» TASK OBJECTIVE: Leaving out the pictures, please reproduce exactly and only the lines from the one that contains "Kaş İslamlar'da Sakin" through the last line below.

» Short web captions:
_____

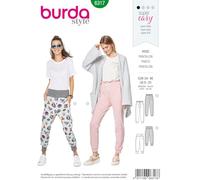 Burda Sewing Pattern 6317 - Misses Jogging Pull On Pant 8-20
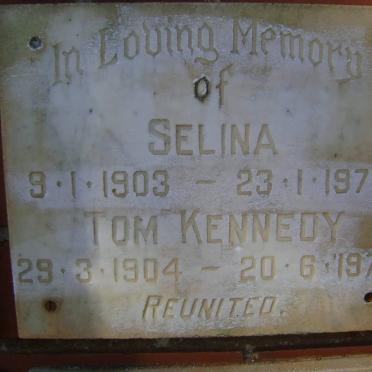KENNEDY Tom 1904-1979 &amp; Selina 1903-1976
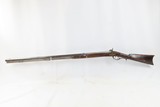 Antique MID-19th CENTURY Half-Stock .36 Cal. Percussion American LONG RIFLE HUNTING/HOMESTEAD Long Rifle with GOULCHER LOCK - 10 of 15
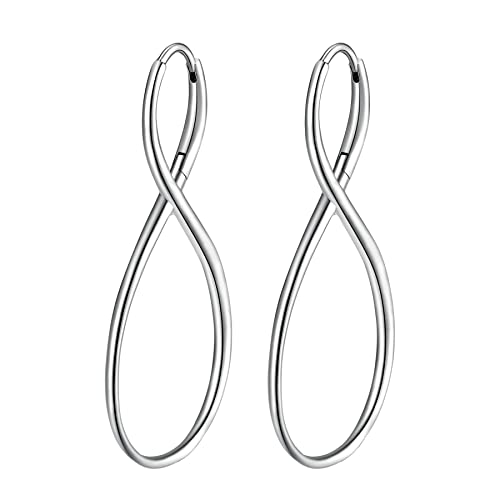 Brosway Damen-Ohrringe | Kollektion Ribbon - BBN27, 50mm, Edelstahl Edelstahl Hypoallergener Stahl, Kein Edelstein von Brosway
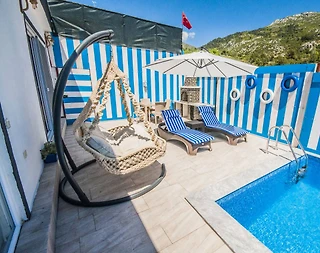 Kaş İslamlar'da Sakin Konumda, Özel Havuzlu, Balayı Villası - 5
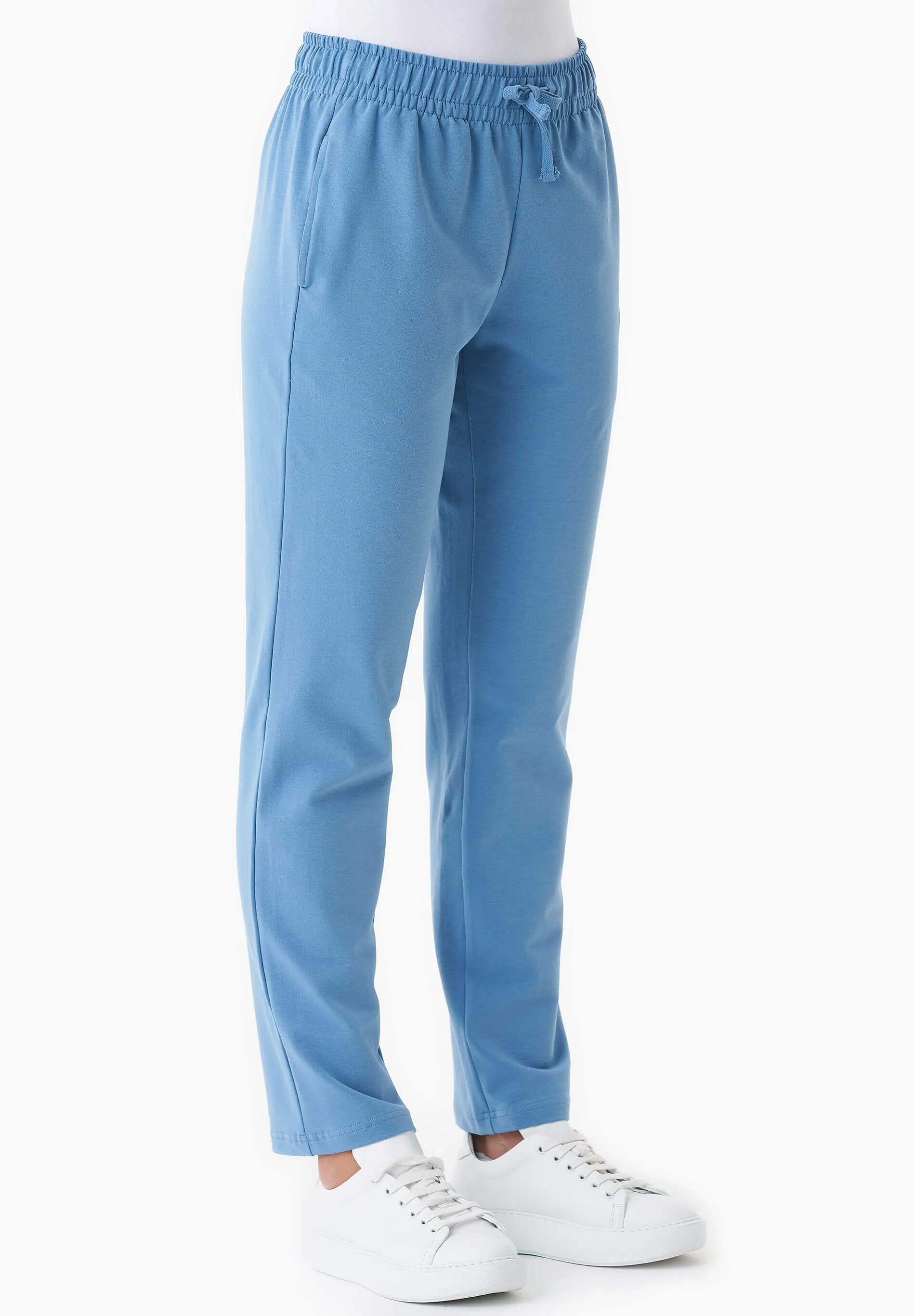 Parrla Light Organic Cotton Sweatpants Blue Fog sold by Ivalo.com product image thumbnail 5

_____

» WRITTEN RESPONSE:
 Kaş İslamlar'da Sakin Konumda, Özel Havuzlu, Balayı Villası - 5
 Parrla Light Organic Cotton Sweatpants Blue Fog sold by Ivalo.com product image thumbnail 5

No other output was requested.